I'm planning to make some changes in the Reporter to split the two monolithic netcdf files into more manageable chunks. This is what I'm thinking now:

Solute trajectory: One xtc file per replica.
Checkpoint trajectory: One xtc file per replica.
Thermodynamic states: YAML (for thermodynamic parameters) and XML (for standard System) files.
MCMC moves: One YAML file per move.
metadata: One or many YAML files.
Constructor options: One or many YAML files.
everything else (energies, mixing statistics, logZ, any_numeric_array_of_variable_dimension): a single netcdf file for all.

I think splitting over multiple small files (whose directory structure is hidden by the Reporter class) means reading operations will be faster. Moreover, we'll be able to parallelize writing on disk, which is currently a big bottleneck for multi-replica methods.

Question: Should we keep the old reporter around and maybe change its name to NetCDFReporter to allow reading data generated with previous versions or do we anticipate installing a previous version of openmmtools/yank will suffice for our needs?

sroet commented 5 years ago

I do not use this personally, so no strong opinion either way.

I did have a small remark on the proposal:

Checkpoint trajectory: One xtc file per replica.

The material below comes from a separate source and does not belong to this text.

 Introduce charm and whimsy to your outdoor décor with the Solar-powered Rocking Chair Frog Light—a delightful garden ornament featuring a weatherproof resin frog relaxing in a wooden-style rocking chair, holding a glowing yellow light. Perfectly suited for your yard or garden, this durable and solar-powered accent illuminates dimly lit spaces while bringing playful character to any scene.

You probably do not want to use a lossy format like xtc (stores positions to about 1e-3 A) for checkpointing trajectories.

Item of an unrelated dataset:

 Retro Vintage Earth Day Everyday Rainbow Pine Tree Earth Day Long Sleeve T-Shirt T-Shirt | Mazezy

andrrizzi commented 5 years ago

You probably do not want to use a lossy format like xtc (stores positions to about 1e-3 A) for checkpointing trajectories.

Thank you so much for your input, @sroet. I wasn't aware of that, and I think it's a fair concern. We may want to save the checkpoint in dcd instead then.

We also need to think about how to handle the restraint reweighting which relies on the solute trajectory. A solution that would let us store it in low-precision would be to add the option to compute and store at runtime distances and energies. Actually, this feature was transferred here from YANK with the multistate module, but maybe we want to handle that only in YANK to keep things simpler here.

kyleabeauchamp commented 5 years ago

Are there parallel backends for netCDF that would also allow parallelism without a refactor?
You might want to copy some ideas from xarray, which is now used by arviz as a backend for MCMC trace storage---it won't have exactly what you need, but maybe the overall structure would be inspring. https://arviz-devs.github.io/arviz/notebooks/XarrayforArviZ.html

jchodera commented 5 years ago

I agree with @sroet that it would be best not to use XTC for checkpoints.

Are the checkpoint files particularly problematic, or could we keep those in NetCDF format?

Also tagging @jaimergp for input.

jchodera commented 5 years ago

Question: Should we keep the old reporter around and maybe change its name to NetCDFReporter to allow reading data generated with previous versions or do we anticipate installing a previous version of openmmtools/yank will suffice for our needs?

That would be ideal if it doesn't become a huge pain to maintain. But you may find that you need to refactor the storage layer API, however, which would require more effort to update the NetCDFStorageLayer.

In particular, the current storage layer API has some issues with either (1) being ultra-specific in exposing specific variable interfaces, rather than general, or (2) missing interfaces for some variables. It might be useful to first evaluate whether the storage layer API needs to be refactored before implementing a new storage class.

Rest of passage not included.